Plaintiff alleges that this reason was pretextual and that she was fired in retaliation for taking
FMLA leave. The Complaint does not allege that any Defendant acted willfully.
The Complaint was filed on the last day of the two-year FMLA statute of limitations
regarding the demotion, and more than one month prior to the expiration of the two-year FMLA
statute of limitations regarding the termination. If the Complaint is dismissed, Plaintiff will not
be able to assert “non-willful” violations of the FMLA because the two-year limitations period
on each incident has now run. The three-year statute of limitations periods for “willful”

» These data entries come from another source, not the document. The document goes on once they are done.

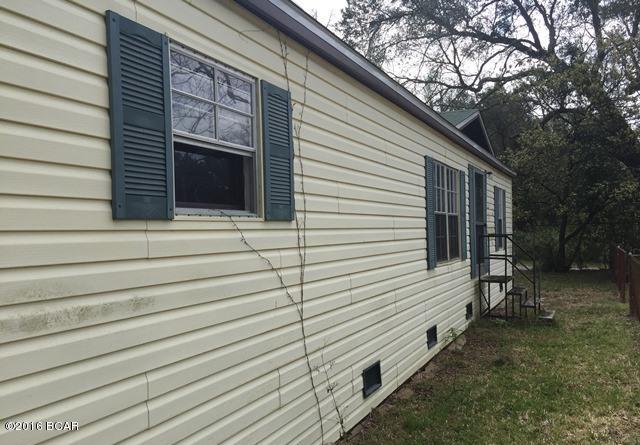 Property consists of a large double wide manufactured home connected to a guest house. This home is surrounded by fence on a corner lot. This spacious home has an enormous living room, generous kitchen, plenty of shade and a large covered back porch. There is a sizable shed for extra storage and plenty of yard space for pets.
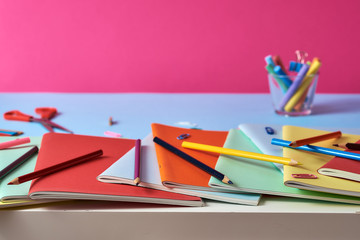  School supplies with notebooks and colored pencils.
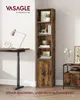 A tall, narrow bookshelf with a door and open shelves, placed next to a desk with a lamp and clock. Produktbild-Vorschau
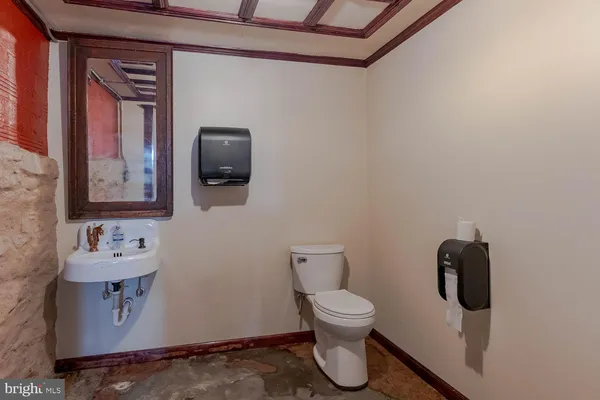 a living room with lots of furniture and kitchen view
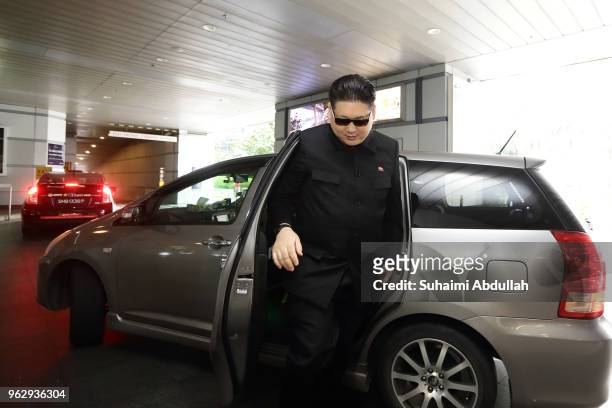 Kim Jong Un impersonator, Howard X arrives at One Fullerton on May 27, 2018 in Singapore. The proposed North Korea-United States summit between U.S....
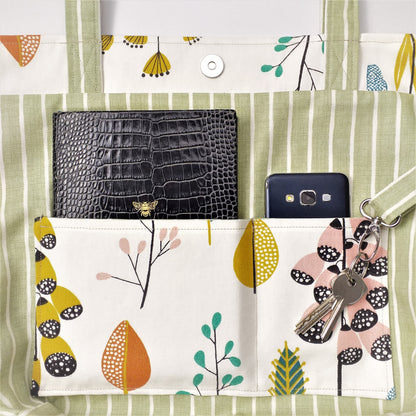 Close up view of a large tote bag interior slip pocket and key clasp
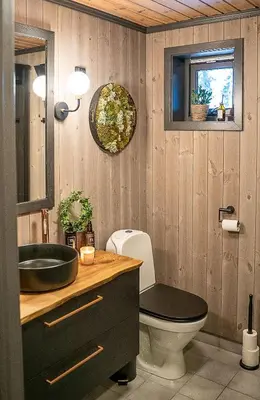 a bathroom with a sink and a toilet and a mirror at Newly Renovated Cabin By Sjusjoen Ski Slopes in Sjusjøen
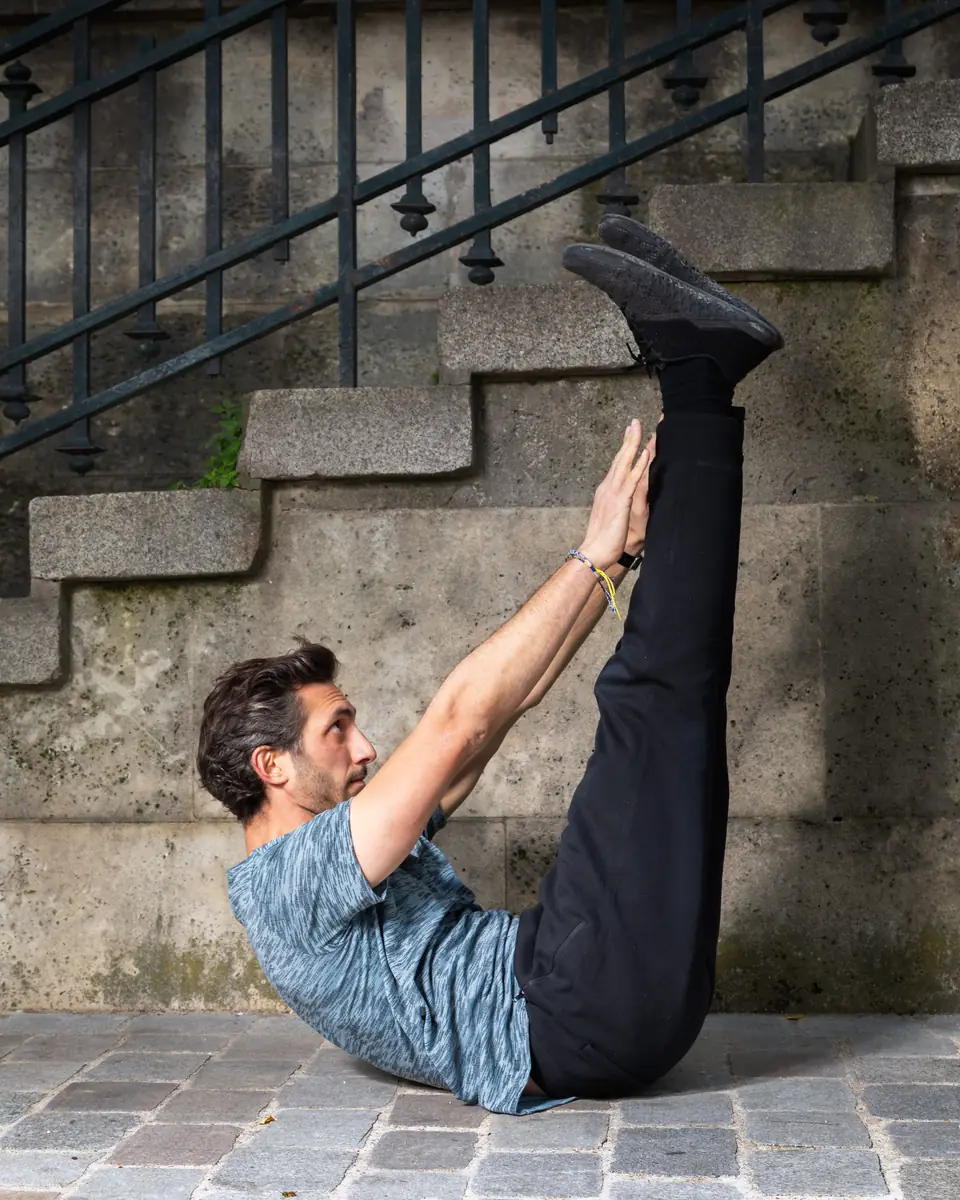 Coach sportif en exercice de gainage abdominal au sol, jambes tendues vers le ciel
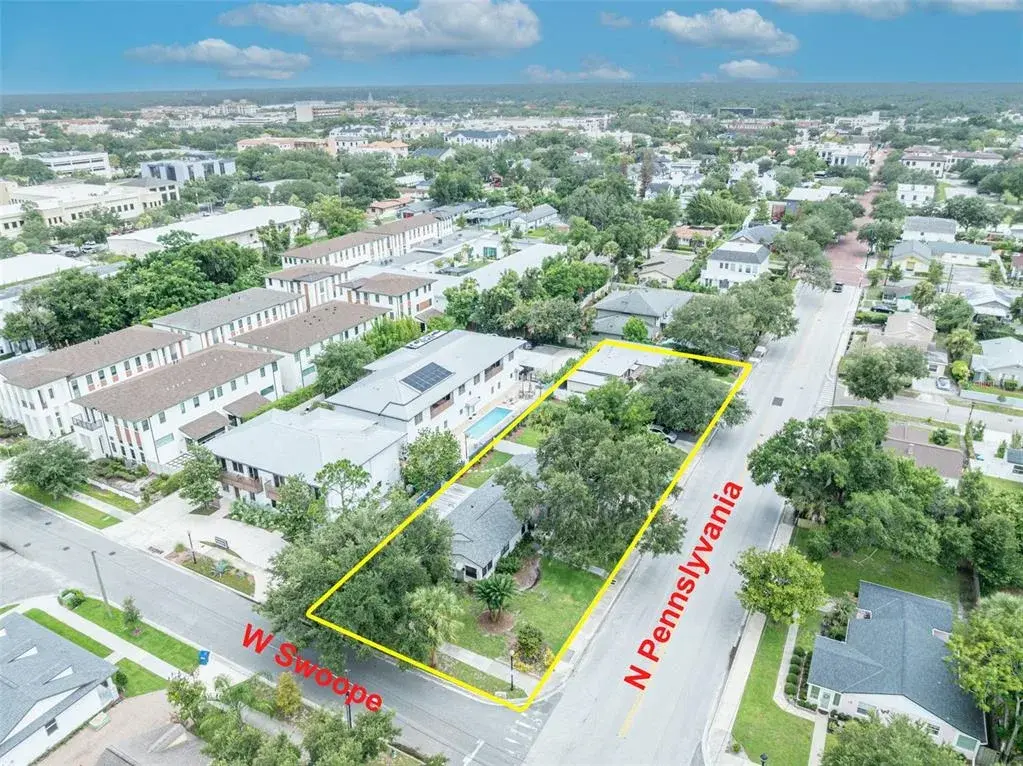 JUST UNDER HALF ACRE CORNER LOT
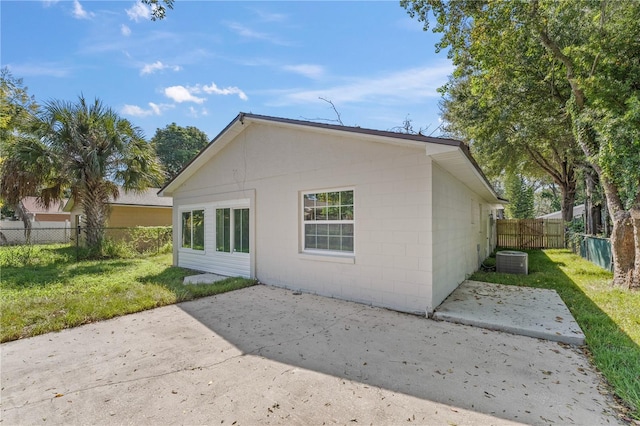 view of side of home with a yard, a patio area, and central air condition unit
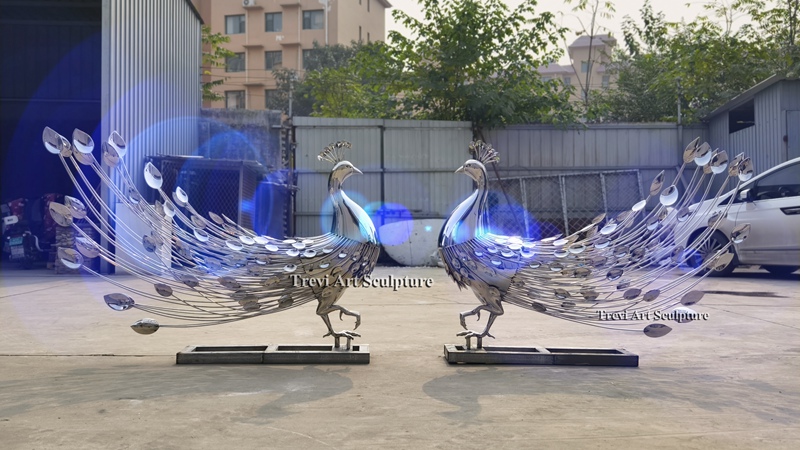 Large Polished Metal Peacock Statues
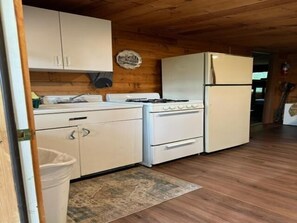 Kitchen with cookware, silverware and dinnerware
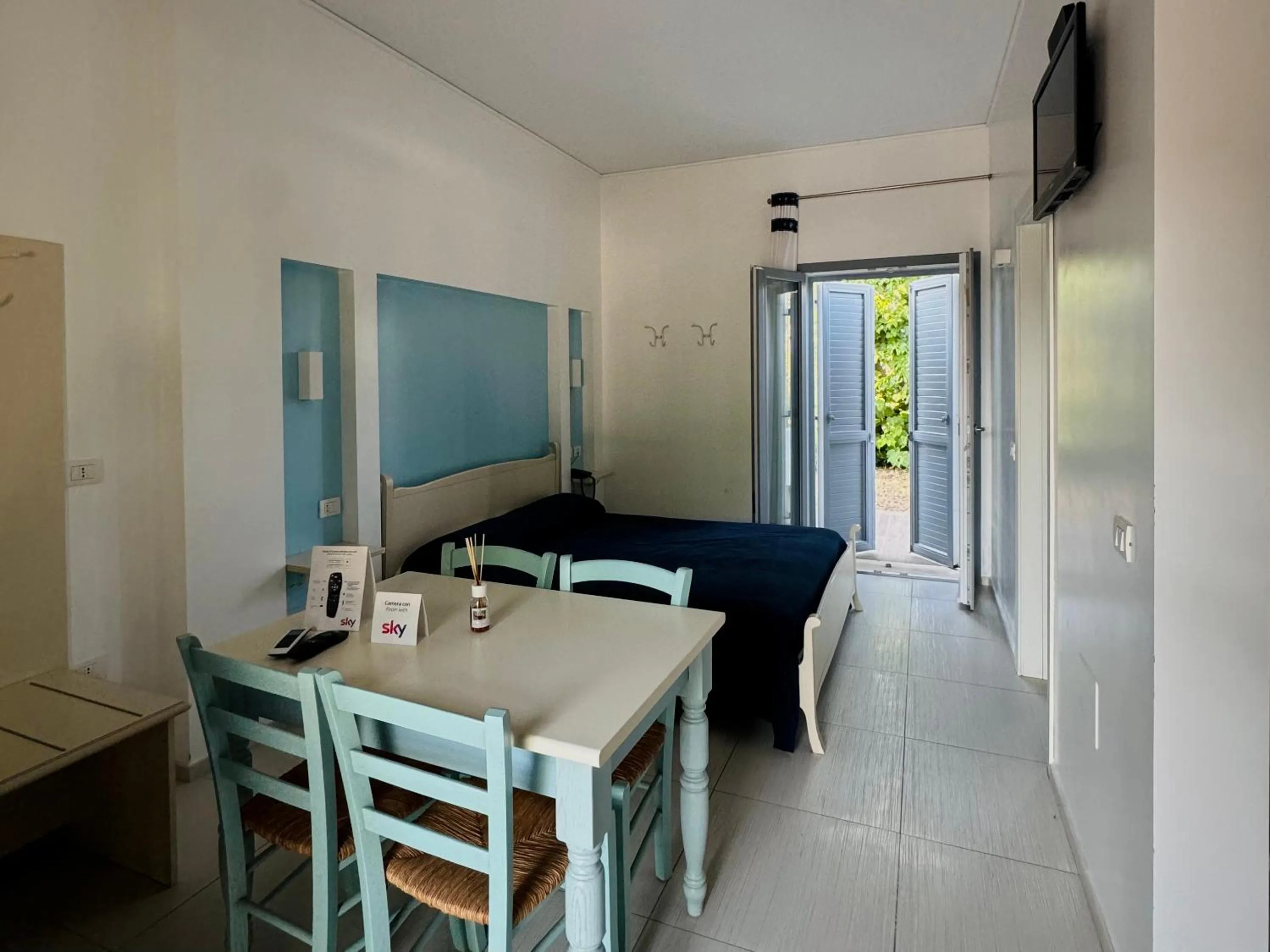 Bed in Baia Sangiorgio Hotel & Beach Club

violations of the FMLA have not yet run.
In Mathies, the Court noted that statutes of limitations serve compelling policy interests,
in particular, to protect defendants from the unfair surprise of stale claims. 450 Fed. Appx. at
223 (citations omitted). In resolving a motion to dismiss for untimely service, the Court of
Appeals affirmed the District Court’s determination that fairness to the defendant outweighed the
plaintiff’s interest in continuing the litigation.
The Court concludes that a similar outcome is warranted in this case. Plaintiff failed to
demonstrate any legitimate excuse for failing to timely serve the Complaint. The limitations
period for non-willful violations of the FMLA has expired. Under the facts and circumstances of
this case, the right of Defendants to be free from stale claims outweighs Plaintiff’s interest in
pursuing “non-willful” violations of the FMLA. The impact of this result is substantially
mitigated in this case. Plaintiff remains able to file (and timely serve) a new Complaint to pursue
willful violation(s) of the FMLA against one or more Defendant(s). If Plaintiff chooses to do so,
she should be sure to plead sufficient facts to establish plausible claim(s) in accordance with
Twombly and Iqbal.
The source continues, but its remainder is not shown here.